Using a single interface, your data scientists can save time and increase their productivity as they navigate four Big Data analytics processes using Pivotal Chorus:
Explore the Data
Because Pivotal Chorus automatically indexes data, your data scientists and analysts can now more easily explore data stores across the enterprise. They can quickly identify datasets regardless of location, browse schemas and Hadoop files, and preview data for instant understanding. A comprehensive search function allows your analysts to search all data within Pivotal Chorus—including comments, SQL, Hadoop, and Pivotal Greenplum Database (GPDB). They can probe the data warehouse and gain all of the insight that other analysts have generated, producing a list of imports and datasets complete with the comments and questions associated with each.
Previously, analysts who wanted access to data needed to deploy and operate a new massively parallel processing (MPP) data warehouse—a time-consuming process. Now because agile Big Data practices need to move at a much faster pace, organizations require a different solution. Using Pivotal Chorus, IT staff and database administrators can establish pools of commodity servers and storage ahead of analyst demand, enabling data science teams to create new database instances and sandboxes in minutes, with just a few mouse clicks. Analysts and data scientists no longer need to file an IT help-desk ticket and wait days or even weeks for a resolution.
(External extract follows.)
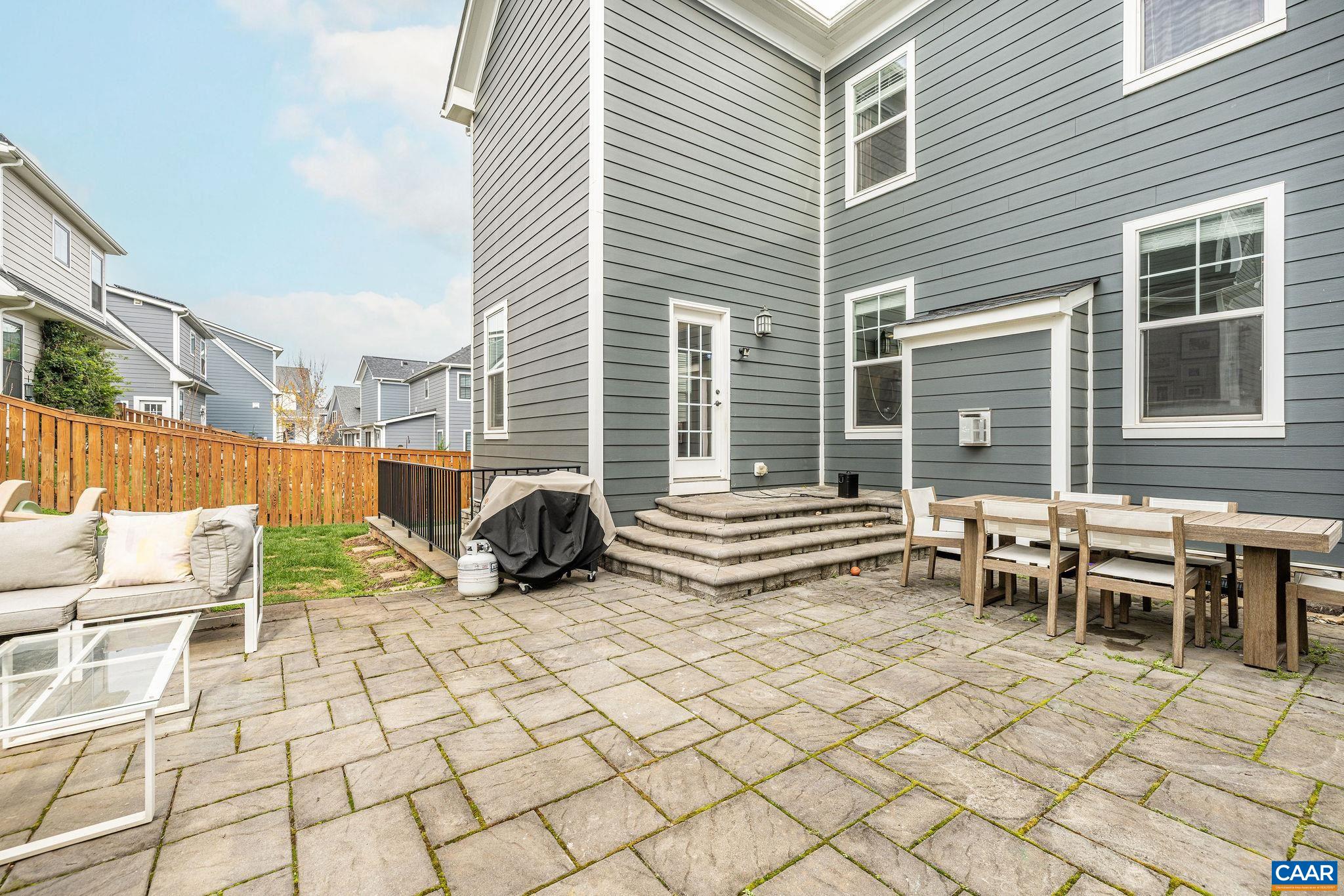 1609 GRIFFIN GROVE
As they work to understand datasets, most data scientists export data to a local desktop, import it into R or a similar tool, and then create a visualization. Pivotal Chorus accelerates insight and understanding by providing data science teams with a rapid visual representation of information. Pivotal Chorus supports histograms, frequency, heat-map, time-series, and box-plot charts for on-demand visualizations. As a precursor to more sophisticated tools, this functionality enables the simple, ad hoc reporting that often serves as a starting point for innovation.
While providing data analysts with their own databases and sandboxes is important, it is essential that analysts be able to move data fluidly into a place where they can work on it and combine it with other data of interest. Through Pivotal Chorus self-service provisioning, data scientists can obtain a new sandbox as a standalone Pivotal GPDB instance on VMware vFabric virtual infrastructure. Alternatively, they can instantiate new sandbox schemas on the fly within existing Pivotal GPDB instances.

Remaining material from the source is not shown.